What's so Bad about Garbage Collection

Henry Kloren

#16304

September 12, 2018

Hey guys! Previously, I only learned Java in school, so this is absolutely not a argument; just a question.

why is GC considered so bad in games? After researching I saw 2 primary reasons:

The first is that it clearly has some overhead in that it needs to check for how many references each object has. I get this point.

The second is that GC is non-deterministic and can happen at any time, causing potential stalls when rendering a frame. How is Manual Memory Management better for this? I mean at the end of the day you need to free the memory eventually, right? Is the idea that you do memory management during Pause/Load Screens, etc? I mean when a Object has no more references, it seems like you would want to free it, so I don't really see the problem.

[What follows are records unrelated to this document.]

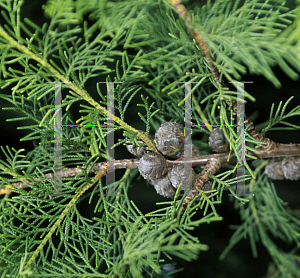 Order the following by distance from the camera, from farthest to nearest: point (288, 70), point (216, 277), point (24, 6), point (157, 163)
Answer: point (216, 277), point (24, 6), point (157, 163), point (288, 70)

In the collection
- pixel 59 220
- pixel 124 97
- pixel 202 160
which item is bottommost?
pixel 59 220

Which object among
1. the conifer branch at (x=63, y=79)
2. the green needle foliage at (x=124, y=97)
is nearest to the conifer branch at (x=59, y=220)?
the green needle foliage at (x=124, y=97)

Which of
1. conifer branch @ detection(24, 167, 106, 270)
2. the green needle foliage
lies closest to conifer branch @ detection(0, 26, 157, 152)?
the green needle foliage

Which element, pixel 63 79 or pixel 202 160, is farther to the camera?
pixel 202 160

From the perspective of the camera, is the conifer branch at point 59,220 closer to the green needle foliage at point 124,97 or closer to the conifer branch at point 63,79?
the green needle foliage at point 124,97

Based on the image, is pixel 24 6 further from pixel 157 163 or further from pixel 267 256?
pixel 267 256

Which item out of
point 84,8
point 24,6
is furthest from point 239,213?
point 24,6

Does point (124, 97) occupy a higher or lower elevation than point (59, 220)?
higher

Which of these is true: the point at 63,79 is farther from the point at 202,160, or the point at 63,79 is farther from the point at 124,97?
the point at 202,160

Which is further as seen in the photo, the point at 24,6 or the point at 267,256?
the point at 267,256

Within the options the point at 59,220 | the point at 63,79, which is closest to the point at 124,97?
the point at 63,79

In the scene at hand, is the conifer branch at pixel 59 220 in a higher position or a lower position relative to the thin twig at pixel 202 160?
lower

BTW the reason I ask is because my teacher mentioned that while GC used to be slow, it is "as fast as manual memory management nowadays." However, based on the Streams I've watched so far, that does not seem to be true. So, I'm very confused.

Edited by Henry Kloren on September 12, 2018, 5:59am

Mārtiņš Možeiko

#16305

September 12, 2018

The second is that GC is non-deterministic and can happen at any time, causing potential stalls when rendering a frame. How is Manual Memory Management better for this?

Because you have control when and what to do. Even if you need to deallocate something, you control where to do that. With GC you don't have such control and VM runtime decides this for you.

I mean at the end of the day you need to free the memory eventually, right?

Yes, but that can be as easy as one sub operation. For example - allocate one "huge" block of 1GB for frame temporary memory. And at the end of frame you do one sub operation to move pointer back 1GB. That's it. This is what HH does for most of allocations. You allocate big block of memory - and then subdivide it in smaller "allocations" which are very cheap, just one add operation. Basically dellocation with this kind of scheme is super cheap - it is constant time, regardless of how many "objects" you have allocated. It could be million objects, but still deallocating all of them costs you ~one assembly instruction.

But with GC you'll need to walk all over the hierarchy to figure which objects are alive and which not. And this worse - there's no way to do that in controlled way once per frame. Maybe VM will decide to buffer up this process. So it will do that when some critical threshold of allocated memory happens. And then you'll pay x amount of times instead a bit in every frame. Let's say your GC takes ~4 msec to collect all the "garbage" objects that were allocated during the frame. That's reasonable and manageable, even for 60Hz rendering where you have 16msec time to render one frame. But what if VM decides to do that only ever 4 or 5 frames? Then suddenly you have 16 or 20 msec of delay where everything stops and only GC runs. That is one whole frame lost. You cannot do 60Hz rendering anymore. And its even worse for VR where 90Hz is required for smooth rendering.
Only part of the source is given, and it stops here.